精神科医山内の心の相談室

日常の臨床経験から得た心の悩みに役にたつことをわかりやすく説明します

あるがまま

2013-01-20 | 日記
森田療法の言葉で「あるがまま」というのがあります。
これは「気分や症状は起こってくるままに受け入れ、目的本位にやっていく」とされます。
不安やうつ状態のどういうときに、役立つかというと、
例えば、朝の憂鬱な気分や不安があって、仕事に行けないと思うとき、
その気分や不安は、あるがままに受け入れて、目的本位、
即ち、仕事に行くという目的をまずみて、気分や不安がどうであれ、行ってみる。
行く前は、仕事の不安など考えが巡って、それを思えば思うほど、
不安が高まる悪循環があって、休みたいと思いやすい。
仕事は、人間関係の問題などいろいろあって大変だが、そもそも好きで選んだ仕事だから、
まずは行ってみる、行って仕事をしているうちに、
気が付いたら、あれだけ辛かった症状が消えている。

読まれたかたは、そんな簡単なものでない、症状は辛くて大変だと思われる方は多いと思います。
この「あるがまま」が役立つのは、
神経症(ノイローゼ)の範囲の不安うつ状態の方や、
うつ病でも、休養が第一の時期は過ぎた、例えば職場復帰に向けてのリハビリ段階などに役立ちます。
「ちゃんと準備をしなくては」など「べき思考」や、
「震えてはならない」「不安発作がでたらどうしよう」など、
不安や「思考本位」でがんじがらめになってしまって、家から一歩が出ないという状態の方は多いです。
確かに不安や鬱の気分は辛いですが、
それは天気で例えると大雨です。

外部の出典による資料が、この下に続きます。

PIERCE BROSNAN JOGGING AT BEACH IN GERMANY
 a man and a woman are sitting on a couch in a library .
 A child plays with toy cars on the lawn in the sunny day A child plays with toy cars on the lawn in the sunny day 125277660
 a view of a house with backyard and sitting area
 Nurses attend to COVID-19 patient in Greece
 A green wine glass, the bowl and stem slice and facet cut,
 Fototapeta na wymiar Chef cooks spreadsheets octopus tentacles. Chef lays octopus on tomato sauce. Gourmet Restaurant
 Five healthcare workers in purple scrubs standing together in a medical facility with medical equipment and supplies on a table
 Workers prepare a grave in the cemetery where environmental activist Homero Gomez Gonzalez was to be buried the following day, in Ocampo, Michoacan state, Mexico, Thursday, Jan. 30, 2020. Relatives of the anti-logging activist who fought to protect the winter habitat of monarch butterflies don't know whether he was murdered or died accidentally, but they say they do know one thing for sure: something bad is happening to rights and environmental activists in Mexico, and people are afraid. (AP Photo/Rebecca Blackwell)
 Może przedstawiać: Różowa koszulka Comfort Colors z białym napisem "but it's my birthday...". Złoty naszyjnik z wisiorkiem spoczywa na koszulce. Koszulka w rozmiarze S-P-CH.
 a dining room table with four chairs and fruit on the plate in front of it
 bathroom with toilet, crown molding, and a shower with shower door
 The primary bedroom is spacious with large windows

行く前に飲む安定剤は、傘。
傘をさしても、濡れてしまう程の雨であっても、雨はいつかは止むもの。
症状や天気に左右されずに、まず出てみよう。
それが「気分や症状は、あるがままに」して、
本来の自分のどうなりたいという「目的本位」に行動するということとなります。

「目的本位」については、このブログで何度か書きましたが、役立ちます。
私見ですが、目的本位は、精神分析の言葉である「自我理想」(関連して「愛することと働くこと」)
を扱うときに重なるものがあります。
あるがままに、目的本位に、というのは、欲動が、自我理想に、「愛することと働くこと」に向かう、
方向と重なると考えるからです。

また、森田療法には、「生の欲望」という言葉があります。
生の欲望に「あるがまま」であることが良いことです。
よく死の恐怖が神経症の不安障害の方に見られますが、
「死の恐怖は、表から見れば生きたいという欲望である」です。
生きたい、愛したい、愛されたい、働きたい、という生の欲望を、
「あるがまま」にみるのが希望です。